We will also illustrate the application of biblical principles using Philippians 4:13, a popular text that is often misapplied: “I can do all things through him [Christ] who strengthens me” (ESV). In each section, we will cite the step, discuss the process, and then apply it to our example.

Step 1: Grasp the text in their town by summarizing the original situation (historical-cultural context) and the meaning of the text for the biblical audience.

In light of the historical-cultural context, summarize what you discovered about the original situation or problem. Consider the book as a whole as well as the specific passage you are trying to apply.
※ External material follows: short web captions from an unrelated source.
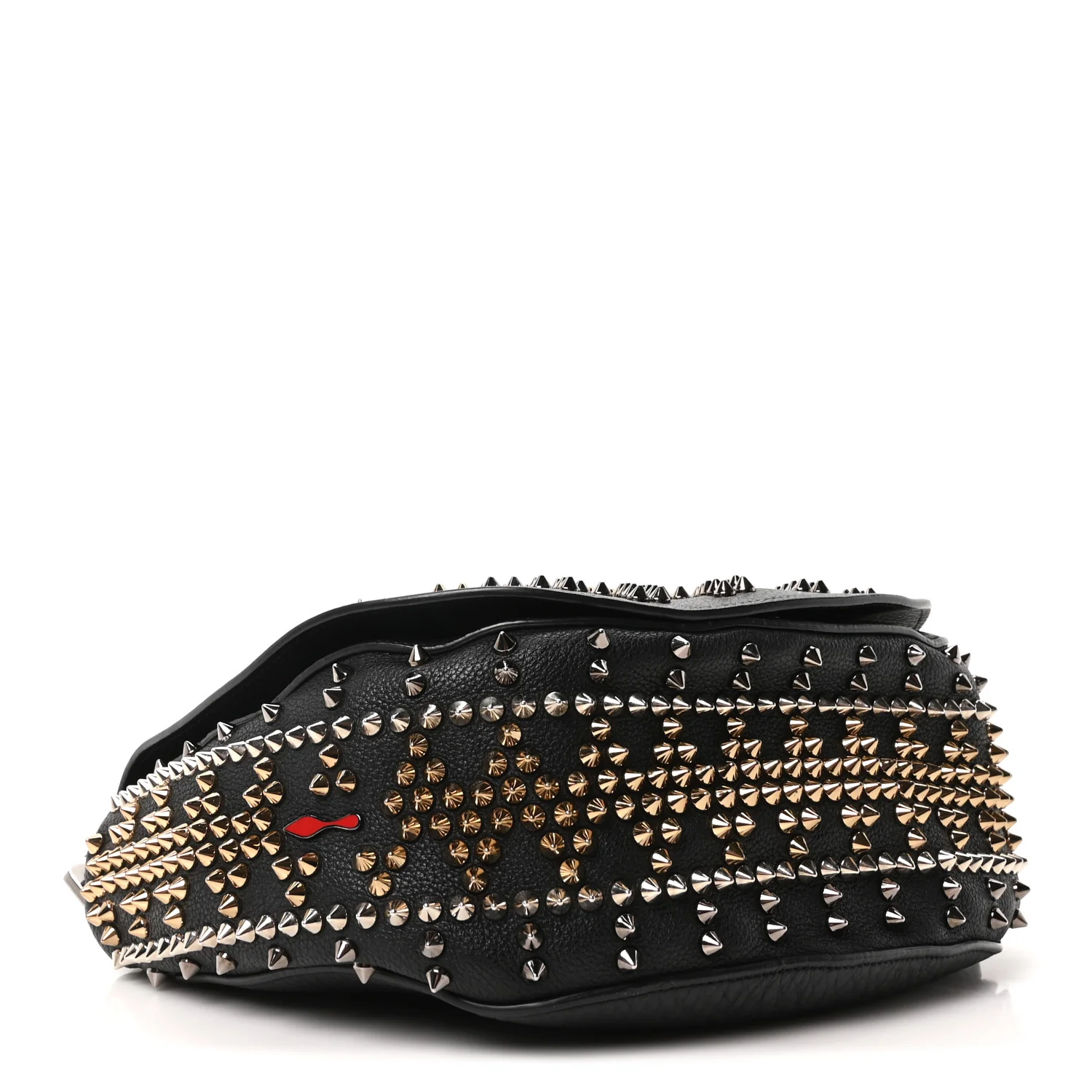 Calfskin Mix Chevron Spikes Panettone Messenger Black - Image 7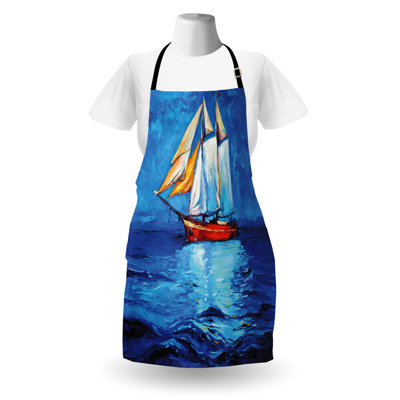 Tablier nautique East Urban Home, reproduction d'art pour voilier, taille adulte, bleu marine et bleu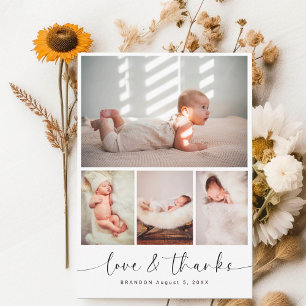 Chic Baby Shower 4 Photo Collage Thank You Card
You can write a summary paragraph or simply list your observations about the situation. Either way, make sure that you have a clear picture of the original historical-cultural situation.

Regarding Philippians 4:13, we should note that Paul writes this letter while in prison awaiting trial (1:7, 13–14, 17). His faithfulness to Christ in the ministry of the gospel has landed him in prison. In this friendship letter, he exhorts the Philippians to stand firm in the face of external opposition and warns them against internal fighting. He reports about his own situation and thanks them for their ministry to him. In Philippians 4:10–13, Paul acknowledges their monetary gift sent through their mutual friend Epaphroditus. He also wants to make it clear that while he is most grateful for their gift, his ministry is ultimately dependent on Christ.

As part of this step, write a statement of what the text meant for the biblical audience, keeping everything in past tense. From this past-tense statement you will find it easy to transition to a theological principle. In this particular passage, Paul told the Philippians that he had learned to be content in a variety of difficult circumstances through Christ, who gives him strength.

Step 2: Measure the width of the river to cross. What are the differences between the biblical situation and our situation?

The Christian today is separated from the biblical audience by a “river” of differences (e.g., language, culture, circumstances). This river hinders us from moving straight from meaning in their context to meaning in ours. We are certainly part of the same great story, but our place in the story is often different from that of our spiritual ancestors. Sometimes the river is wide, requiring a long bridge for crossing. At other times, it is a narrow creek, which we can cross easily. We need to know just how wide the river is before we start trying to construct a principlizing bridge across it.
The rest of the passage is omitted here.